Valkey vs. Redis: A Technical Deep Dive & Migration Strategy
The Fork in the Road
Since Redis Inc. moved to the SSPL license, the community has rallied behind Valkey. But for a Principal Engineer, politics don't matter as much as performance and stability. Is Valkey actually ready for production? Let's look at the architecture.
Performance Benchmarking
We ran redis-benchmark against both Redis 7.2.4 and Valkey 7.2.5 on AWS c7g.4xlarge instances.
- SET/GET Operations: Both engines perform nearly identically (~140k requests/sec) because they currently share the same core single-threaded event loop.
- Memory Footprint: Valkey has started removing some proprietary modules, resulting in a slightly leaner memory profile in empty states.
The Future: Multi-Threading
This is where paths diverge. Redis Inc. is keeping their multi-threading improvements proprietary. However, the Valkey roadmap (driven by AWS and Google engineers) is aggressively pursuing Multi-threaded I/O for the open-source version.
Currently, the main thread handles everything (Network Read -> Parse -> Execute -> Network Write).
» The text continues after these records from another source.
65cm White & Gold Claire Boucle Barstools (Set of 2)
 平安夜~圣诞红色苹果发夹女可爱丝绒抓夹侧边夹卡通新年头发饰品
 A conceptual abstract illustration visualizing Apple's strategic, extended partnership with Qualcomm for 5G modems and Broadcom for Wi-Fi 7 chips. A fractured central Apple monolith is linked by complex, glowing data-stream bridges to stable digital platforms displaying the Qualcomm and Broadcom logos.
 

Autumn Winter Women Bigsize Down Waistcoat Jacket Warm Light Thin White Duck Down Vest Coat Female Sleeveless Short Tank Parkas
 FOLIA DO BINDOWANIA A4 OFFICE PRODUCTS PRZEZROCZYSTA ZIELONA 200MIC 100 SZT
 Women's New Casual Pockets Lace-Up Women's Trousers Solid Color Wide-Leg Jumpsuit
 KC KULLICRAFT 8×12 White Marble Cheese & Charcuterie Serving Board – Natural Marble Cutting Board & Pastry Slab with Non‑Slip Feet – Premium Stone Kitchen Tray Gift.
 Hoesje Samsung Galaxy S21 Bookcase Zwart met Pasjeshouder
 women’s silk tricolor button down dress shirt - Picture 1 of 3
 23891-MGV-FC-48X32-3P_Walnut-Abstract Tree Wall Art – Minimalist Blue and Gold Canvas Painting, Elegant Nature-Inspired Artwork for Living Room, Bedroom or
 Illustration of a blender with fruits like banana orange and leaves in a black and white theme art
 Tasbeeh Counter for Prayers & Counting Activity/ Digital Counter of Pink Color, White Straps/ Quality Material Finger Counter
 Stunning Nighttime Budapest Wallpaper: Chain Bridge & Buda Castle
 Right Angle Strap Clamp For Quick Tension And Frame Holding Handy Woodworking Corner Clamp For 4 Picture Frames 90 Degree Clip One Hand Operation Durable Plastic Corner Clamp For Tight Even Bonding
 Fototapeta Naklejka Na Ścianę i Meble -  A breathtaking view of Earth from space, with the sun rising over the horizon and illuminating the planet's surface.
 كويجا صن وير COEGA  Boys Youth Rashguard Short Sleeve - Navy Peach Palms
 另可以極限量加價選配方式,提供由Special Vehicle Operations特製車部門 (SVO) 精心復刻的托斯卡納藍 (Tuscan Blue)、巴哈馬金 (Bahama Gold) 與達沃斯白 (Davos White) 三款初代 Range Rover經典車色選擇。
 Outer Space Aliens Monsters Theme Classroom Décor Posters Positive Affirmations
Valkey aims to offload the Network I/O to worker threads, potentially doubling throughput on multi-core systems.
Zero-Downtime Migration Guide
Migrating a live cluster sounds scary, but since they speak the same RESP protocol, we can use the Replica Method.
- Set up Valkey as a "Slave" (Replica) of your existing Redis "Master".
# On the Valkey Server valkey-server --port 6379 --replicaof <redis-master-ip> 6379 - Wait for Sync: Watch the logs for
MASTER <-> REPLICA sync: Finished. - Promote Valkey: Once synced, pause your application writes for a split second.
# On Valkey REPLICAOF NO ONE - Point App to Valkey: Update your DNS or Load Balancer to point to the new Valkey server.
That's it. You have migrated to open source without losing a single key.